Continuing may propagate corruption to other components, databases, or external systems
Users may act on incorrect data before the problem is noticed
The root cause becomes obscured as symptoms appear far from the original error
Recovery is easier when corruption hasn't spread

Fail-Fast Implementation Patterns

•Assertions — Check invariants throughout code. If invariants are violated, crash immediately rather than continuing. assert balance >= 0 fails fast on negative balance.
•Precondition Validation — Validate all inputs before processing. Reject invalid inputs immediately rather than attempting partial processing.
•Null Rejection — Null/nil values in unexpected places cause immediate exceptions rather than silent null propagation (or use Option/Maybe types).
•Type Systems — Strong type systems catch certain error classes at compile time, the earliest possible point.
•Immutability — Immutable data can't be corrupted after creation. Attempts to mutate fail fast.
•Transaction Abort — In databases, any anomaly causes transaction abort and rollback rather than partial commit.
•Connection Rejection — Load balancers reject new connections when unhealthy rather than accepting and failing slowly.
•Process Crash — Let supervisors (systemd, Kubernetes) detect crashed processes and restart them. Crash cleanly rather than limping along.

The Erlang Philosophy

Erlang's 'Let It Crash' philosophy is the premier example of fail-fast thinking.
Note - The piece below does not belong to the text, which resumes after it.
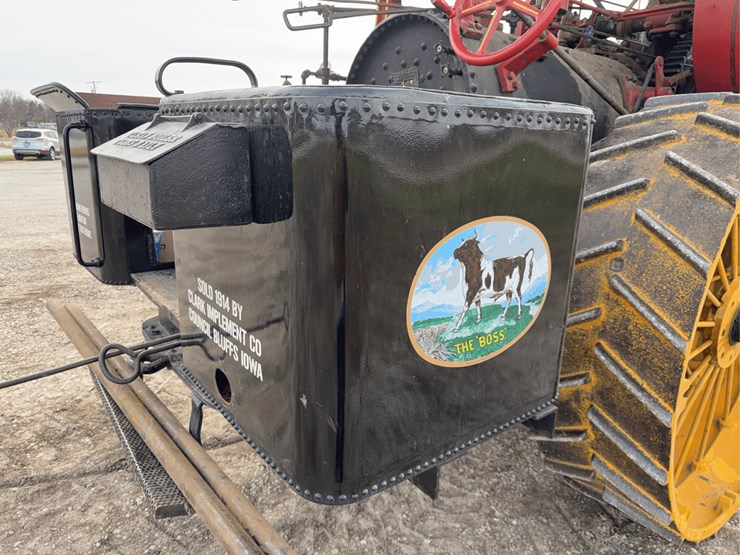 1912-20hp-russell-steam-traction-engine-image-56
Rather than defensive programming everywhere, processes crash on unexpected conditions. Supervisor processes detect crashes and restart workers. The system is designed for components to fail cleanly and recover automatically. This approach powers some of the world's most reliable telecom systems.

When Fail-Fast Excels:

Data integrity is paramount — Better to reject a transaction than corrupt the database
Errors have cascading consequences — Early failure prevents downstream corruption
Debugging speed matters — Crash at the point of the problem
Recovery mechanisms exist — Supervisor restarts, transaction rollback, retry logic
Inconsistent state is dangerous — Financial, medical, safety-critical systems

The Fail-Safe Philosophy

Fail-safe systems are based on a different principle: availability is so critical that continued operation may be more valuable than perfect correctness.

The Fail-Safe Argument:

Not all failures are catastrophic. Many anomalies are transient or minor. Crashing on every unexpected condition means:

Users experience frequent outages
Minor issues cause major disruptions
Teams become desensitized to frequent crashes
The system is less stable than its components

Fail-safe advocates argue that systems should:

Attempt to recover from transient failures
Operate in degraded modes when healthy recovery isn't possible
Fail only when truly dangerous conditions exist
Keep providing value even when imperfect

Fail-Safe Implementation Patterns

•Retry with Backoff — Transient failures are retried automatically with exponential backoff. Many failures resolve without user impact.
•Fallback Responses — When primary data source fails, use cached data, default values, or alternative sources.
•Graceful Degradation — Reduce functionality rather than failing completely. Show cached product data if real-time inventory check fails.
•Circuit Breakers — Temporarily stop calling failing dependencies, use fallbacks, try again later when healthy.
•Self-Healing — Automatically restart failed components, rebuild corrupted indexes, retry failed background jobs.
•Loose Coupling — Components continue operating even when dependencies fail temporarily.
•Background Repair — Detect inconsistencies but repair in background rather than blocking operations.
•Error Absorption — Non-critical errors are logged but don't propagate up to crash the request/process.

When Fail-Safe Excels

•Availability is critical for safety (medical monitoring)
•Errors are often transient (network issues)
•Users need continuous access
•Imperfect data is better than no data
•Cost of outage exceeds cost of imperfection

Fail-Safe Dangers

•Corruption may spread before detection
•Root cause becomes obscured
•Debugging is harder
•Users may trust incorrect data
•Background repair may never catch up

The Fail-Safe Trap

Overly aggressive fail-safe design can mask serious problems. A system that absorbs all errors may accumulate corruption silently until it catastrophically fails. Signal-to-noise ratio degrades as teams ignore 'routine' errors that turn out to be symptoms of critical issues.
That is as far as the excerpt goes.